Whether the risk abates could depend on farmers in the American Midwest and whether they decide to cash in by planting more wheat, the world's most consumed cereal. The rosy outlook for them was confirmed by the US Department of Agriculture (USDA). It expects US exports to surge by 36 per cent this year.

"Crop revenues look to be much improved, with record crops and generally higher prices than we anticipated earlier this year," Joseph Glauber, the USDA's chief economist said.

"The US is an island of supply in a year of very big demand," noted Daniel W Basse of AgResource, a Chicago commodity-forecasting concern. The US Agriculture Secretary, Tom Vilsack, added: "There is no question this is an opportunity for us and we're going to take advantage of it."

Farmers everywhere are notoriously slow to pop the champagne, however. Even now, some, such as Daryl Larson, who farms 1,500 acres in Kansas with his brother, can't entirely shed their natural caution. "I guess maybe farming makes that happen to you," he suggests with a chuckle. "Nothing is for certain."

He knows, for instance, that while the futures prices of wheat on the Chicago commodities exchanges are spiking at heights that even a few weeks ago would have seemed mad –above $7 (£4.50) a bushel in recent days – the cash he receives from selling now is considerably more modest.

Moreover, it is no secret to Mr Larson that speculators who have rushed to buy wheat in the wake of Russia's export ban may have created a bubble that is not immune from bursting. After finishing his harvest in June, Mr Larson, 56, sold nearly half of his wheat crop but will keep the rest in the silo in the expectation that the prices will at least climb further if not astronomically. "I am expecting the export business will pick up in the next few weeks because the rest of the world does not have a whole lot of wheat to export. If that is correct, we should see new strength in our exports."

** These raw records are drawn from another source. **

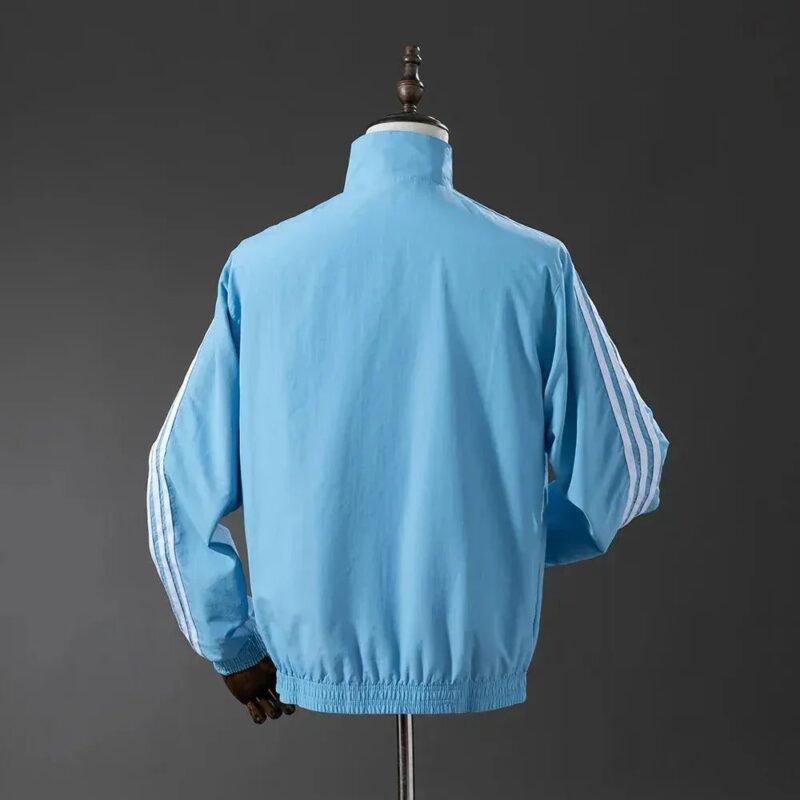 50241408 CORTAVIENTO ARGENTINA l REVERSIBLE 2025 - Zona Camisetas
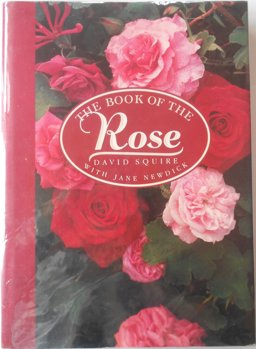 Book of the Rose Book of the Rose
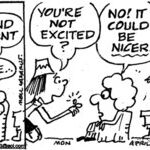 Momma for Apr 07, 2014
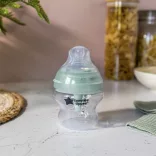 Tommee Tippee cumisüveg Advanced anti colic 150ml türkiz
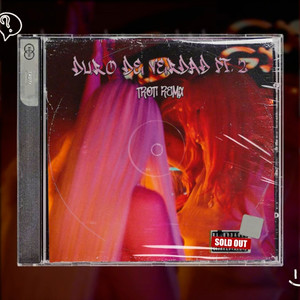 Duro De Verdad (Hardtechno) (Remix|Explicit)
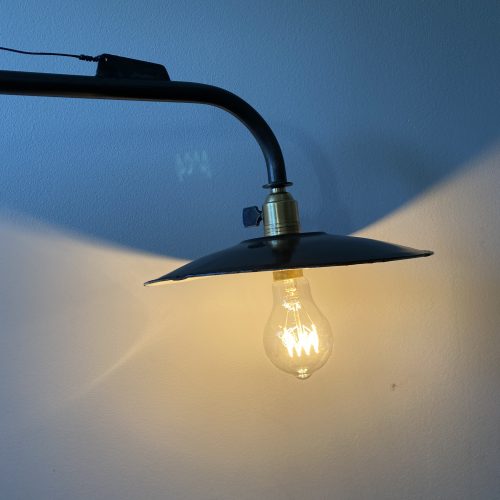LAMPE POTENCE SWING / ref : L115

Most analysts would concur with Mr Larson's strategy of holding on to some grain for added profit but not expecting the world. American farmers will, more than likely, increase their wheat acreages when planting time comes in the next few weeks.

"It's hard for me to imagine that we won't see some increase in wheat acreage," said John Anderson, an economist with the American Farm Bureau Federation. "Wheat prices are certainly at a level historically that would look very attractive." The pressure put on pricing by the speculators could, of course, always backfire on them. But for now at least, the upwards pressure on wheat prices is rubbing off nicely on other crops grown in the US.

Mr Larson is preparing to harvest his fields of soy bean and sorghum, crops for which the market has also been strengthening. Because wheat is also produced in parts of the world, for instance the Ukraine, for cattle feed, a similar effect is being felt for another crop that is huge in US: corn (or what the British call maize).

So surely this is one of those unusual times when farmers in the US at least can afford to admit to some joy. Did Mr Larson at least skip a little when he saw the news about Russia moving to suspend exports of wheat? Mr Larson, who has been working his farm since the day he graduated from high school in 1972, wouldn't say that exactly, but it did cheer him. "We've had better. And we have a lot worse."